Dabei ist die Antriebsbatterie das teuerste Bauteil am Elektroauto, das über die Zeit und die Nutzung verschleißt: Je häufiger der Akku geladen wird, desto stärker ist seine Alterung. Deshalb ist der Gesundheitszustand der Batterie („State of health“ = SOH) das wichtigste Kaufkriterium. Denn ein kompletter Tausch des Energiespeichers kommt in der Regel einem wirtschaftlichen Totalschaden gleich – kostet der Einbau eines Neuteil doch schnell einen fünfstelligen Betrag.

Rosi nimmt's genau
Die Dekra hat mit der Unterstützung der RWTH Aachen ein hochpräzises Verfahren entwickelt, um den Gesundheitszustand von Traktionsbatterien zuverlässig zu ermitteln. Über Kfz-Werkstätten können auch Privatkunden den Service in Anspruch nehmen. Foto: Dekra
Rosi nimmt’s genau
Die Dekra hat mit der Unterstützung der RWTH Aachen ein hochpräzises Verfahren entwickelt, um den Gesundheitszustand von Traktionsbatterien zuverlässig zu ermitteln. Über Kfz-Werkstätten können auch Privatkunden den Service in Anspruch nehmen. Foto: Dekra

Aber die Prüforganisationen haben die Marktlücke erkannt. Der TÜV Rheinland, der TÜV Süd sowie die „Gesellschaft für Technische Überwachung“ (GTÜ) bieten inzwischen Batterieprüfungen an. Und auch die Dekra hat nun ein Verfahren entwickelt, um den Alterungszustand der Antriebsbatterie von Elektroautos zu ermitteln. Die Stuttgarter haben das Verfahren von Spezialisten der RWTH Aachen validieren und von verschiedenen Autoherstellern testen lassen – und inzwischen auch patentieren lassen.

Dekra reicht eine Viertelstunde zum Test

Schon nach einer viertelstündigen Testfahrt und einer kurzen Beschleunigung über 100 Meter soll es zuverlässige Daten liefern über den „State of Health“ (SoC) des Akkus und somit eine solide Basis für ein Gebrauchtwagen-Gutachten. Dazu hat die Dekra nach eigenen Angaben einen „hochkomplexen“ Algorithmus entwickelt und mit einer Datenbank abgeglichen. Bislang wurde auf der Basis haben die Experten der Dekra eine Typenliste mit mehr als 50 voll- und teilelektrischen Modellen deutscher und europäischer Fahrzeughersteller sowie von Hyundai-Kia aus Südkorea erarbeitet, bei dem das Verfahren funktioniert. Bis zum Jahresende soll die Liste auf rund 100 Fahrzeuge wachsen – das wäre in etwa die Hälfte der in Deutschland verfügbaren E-Auto-Flotte.
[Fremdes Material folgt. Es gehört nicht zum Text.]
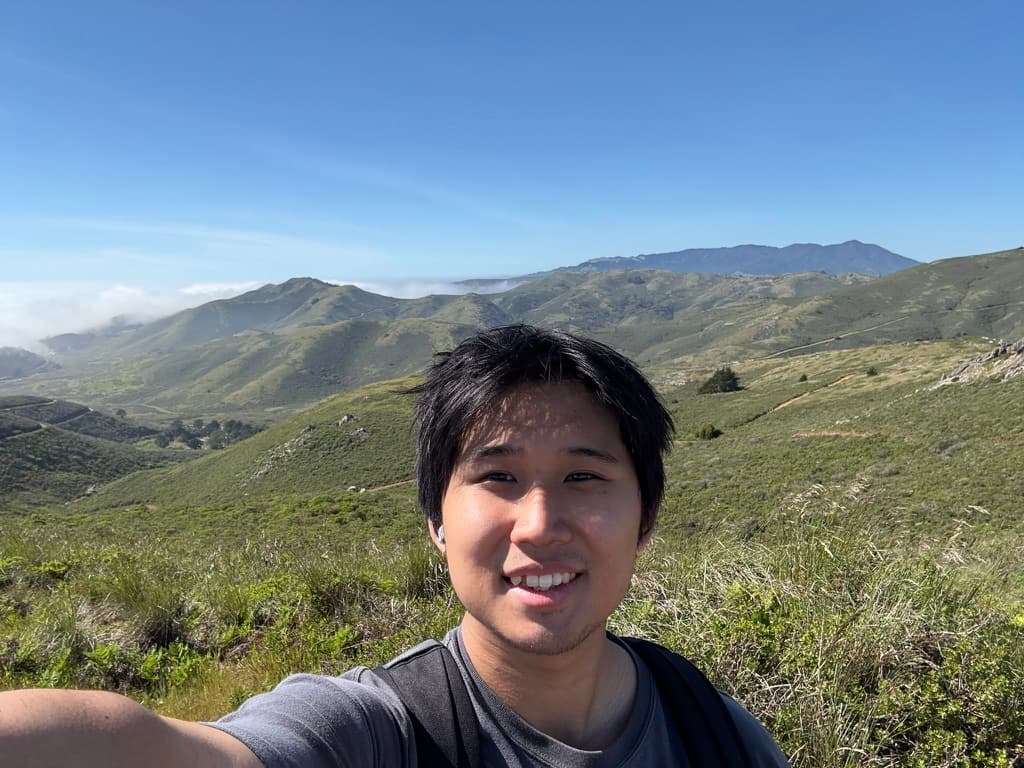 Jason smiling in front of green rolling hills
Profitieren davon sollen zunächst Profis – groß Leasinggesellschaft und Autohäuser. Hier sieht die Dekra derzeit den größten Bedarf. „Gerade im Gebrauchtwagen-Management ist eine präzise und schnelle Ermittlung der Restkapazität besonders wichtig, damit der Gesamtprozess wirtschaftlich bleibt“, erklärte dazu Ulrike Hetzel, die Technik-Chefin der Dekra. Erst in einem zweiten Schritt wolle man den Schnelltest auch Privatkunden zugänglich machen. Zu welchem Preis? Der steht noch nicht fest.
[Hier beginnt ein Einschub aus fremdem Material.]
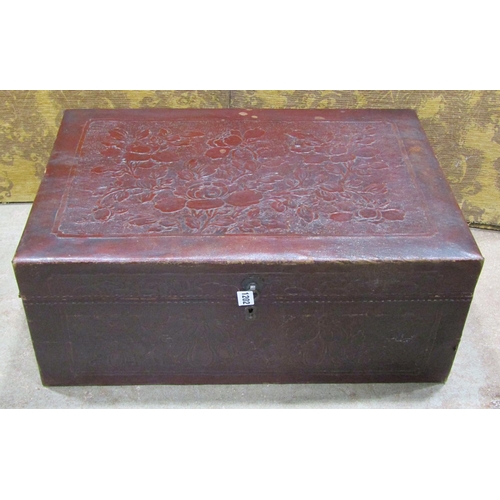 1202 - A Chinese leather overlaid trunk with embossed floral detail, 26cm high x 66cm x 44cm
Aviloo-Testkit für die OBD-Schnittstelle 
Das Gerät analysiert die Batteriedaten während der Fahrt - bis der Akku nur noch einen Ladestand von zehn Prozent hat. Die Daten werden dann in die Cloud hochgeladen und dort von Spezialisten analysiert. Bild: Aviloo
Aviloo-Testkit für die OBD-Schnittstelle
Das Gerät analysiert die Batteriedaten während der Fahrt – bis der Akku nur noch einen Ladestand von zehn Prozent hat. Die Daten werden dann in die Cloud hochgeladen und dort von Spezialisten analysiert. Bild: Aviloo

Bei Aviloo, dem Kooperationspartner des TÜV Süd und des GTÜ aus Österreich, kostet der Test inzwischen 99 Euro – 49 Euro waren es noch in der Einführungsphase im März. Nach der Auswahl des Fahrzeugtyps im Internet erhält der Kunde ein Testkit, das er über die OBD-Schnittstelle des Elektroautos anschließt. Anschließend analysiert das Gerät die Batteriedaten während der Fahrt – bis der Akku nur noch einen Ladestand von zehn Prozent hat. Die dabei ermittelten Daten werden in die Aviloo-Cloud hochgeladen und anschließend ausgewertet. Die Ergebnisse werden anschließend in einem Prüfbericht festgehalten und digital verschickt. Das Testkit geht an Aviloo zurück.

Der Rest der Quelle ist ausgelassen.